■ **How to complete this task**:
Once the line containing "фото №1, Набір" is found in the data below, repeat it and every later line exactly, leaving the pictures out.

──────── Available data ────────

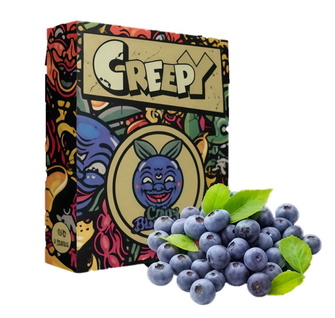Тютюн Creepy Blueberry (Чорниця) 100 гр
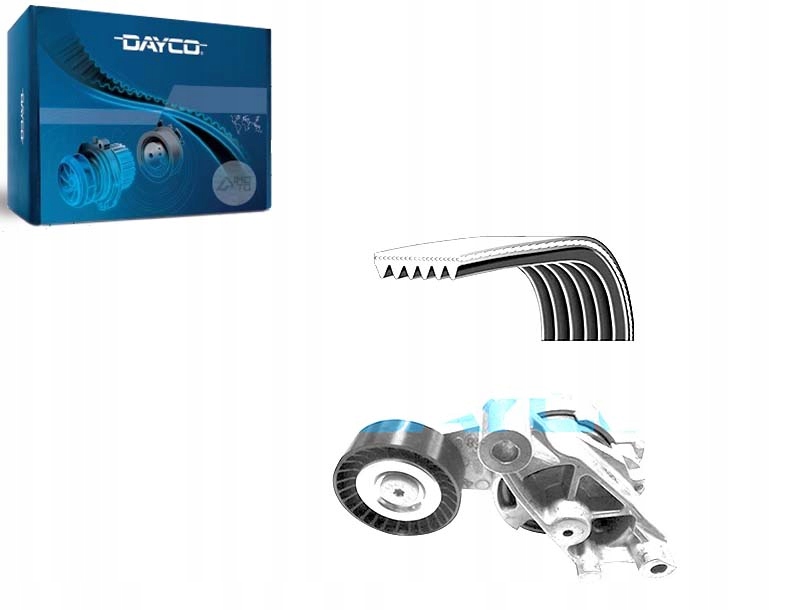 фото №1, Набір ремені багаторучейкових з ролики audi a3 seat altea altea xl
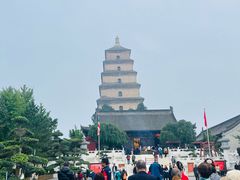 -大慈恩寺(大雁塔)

────────

■ **Expected answer**:
 фото №1, Набір ремені багаторучейкових з ролики audi a3 seat altea altea xl
 -大慈恩寺(大雁塔)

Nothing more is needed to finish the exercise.